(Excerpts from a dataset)
=== Section Start ===
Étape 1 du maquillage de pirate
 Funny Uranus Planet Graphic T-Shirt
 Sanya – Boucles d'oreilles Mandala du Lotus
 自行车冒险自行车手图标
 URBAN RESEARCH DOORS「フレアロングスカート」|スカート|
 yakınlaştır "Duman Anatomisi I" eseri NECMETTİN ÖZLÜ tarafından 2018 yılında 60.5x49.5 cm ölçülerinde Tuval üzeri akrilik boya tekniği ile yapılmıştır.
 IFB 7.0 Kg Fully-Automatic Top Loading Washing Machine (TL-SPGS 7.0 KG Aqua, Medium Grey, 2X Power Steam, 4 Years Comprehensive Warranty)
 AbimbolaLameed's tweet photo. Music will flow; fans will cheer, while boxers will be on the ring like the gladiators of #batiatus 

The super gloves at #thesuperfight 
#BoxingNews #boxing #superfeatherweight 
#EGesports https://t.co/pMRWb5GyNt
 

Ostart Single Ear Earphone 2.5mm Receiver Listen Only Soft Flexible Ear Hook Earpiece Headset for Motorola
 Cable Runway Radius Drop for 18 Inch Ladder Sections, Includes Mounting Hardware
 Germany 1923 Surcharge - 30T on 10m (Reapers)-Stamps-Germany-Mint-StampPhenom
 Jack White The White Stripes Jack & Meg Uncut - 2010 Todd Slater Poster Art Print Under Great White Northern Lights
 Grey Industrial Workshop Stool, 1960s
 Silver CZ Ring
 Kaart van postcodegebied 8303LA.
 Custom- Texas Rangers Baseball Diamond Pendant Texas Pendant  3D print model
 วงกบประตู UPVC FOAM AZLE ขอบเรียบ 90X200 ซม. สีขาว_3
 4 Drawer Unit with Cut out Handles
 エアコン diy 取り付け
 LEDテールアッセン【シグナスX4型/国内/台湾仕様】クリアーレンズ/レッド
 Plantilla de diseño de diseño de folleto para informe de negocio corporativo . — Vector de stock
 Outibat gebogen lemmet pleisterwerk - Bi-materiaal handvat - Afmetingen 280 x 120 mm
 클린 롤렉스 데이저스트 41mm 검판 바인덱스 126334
=== Section End ===
# What is needed
Write down every entry exactly.

# Reply
Étape 1 du maquillage de pirate
 Funny Uranus Planet Graphic T-Shirt
 Sanya – Boucles d'oreilles Mandala du Lotus
 自行车冒险自行车手图标
 URBAN RESEARCH DOORS「フレアロングスカート」|スカート|
 yakınlaştır "Duman Anatomisi I" eseri NECMETTİN ÖZLÜ tarafından 2018 yılında 60.5x49.5 cm ölçülerinde Tuval üzeri akrilik boya tekniği ile yapılmıştır.
 IFB 7.0 Kg Fully-Automatic Top Loading Washing Machine (TL-SPGS 7.0 KG Aqua, Medium Grey, 2X Power Steam, 4 Years Comprehensive Warranty)
 AbimbolaLameed's tweet photo. Music will flow; fans will cheer, while boxers will be on the ring like the gladiators of #batiatus 

The super gloves at #thesuperfight 
#BoxingNews #boxing #superfeatherweight 
#EGesports https://t.co/pMRWb5GyNt
 

Ostart Single Ear Earphone 2.5mm Receiver Listen Only Soft Flexible Ear Hook Earpiece Headset for Motorola
 Cable Runway Radius Drop for 18 Inch Ladder Sections, Includes Mounting Hardware
 Germany 1923 Surcharge - 30T on 10m (Reapers)-Stamps-Germany-Mint-StampPhenom
 Jack White The White Stripes Jack & Meg Uncut - 2010 Todd Slater Poster Art Print Under Great White Northern Lights
 Grey Industrial Workshop Stool, 1960s
 Silver CZ Ring
 Kaart van postcodegebied 8303LA.
 Custom- Texas Rangers Baseball Diamond Pendant Texas Pendant  3D print model
 วงกบประตู UPVC FOAM AZLE ขอบเรียบ 90X200 ซม. สีขาว_3
 4 Drawer Unit with Cut out Handles
 エアコン diy 取り付け
 LEDテールアッセン【シグナスX4型/国内/台湾仕様】クリアーレンズ/レッド
 Plantilla de diseño de diseño de folleto para informe de negocio corporativo . — Vector de stock
 Outibat gebogen lemmet pleisterwerk - Bi-materiaal handvat - Afmetingen 280 x 120 mm
 클린 롤렉스 데이저스트 41mm 검판 바인덱스 126334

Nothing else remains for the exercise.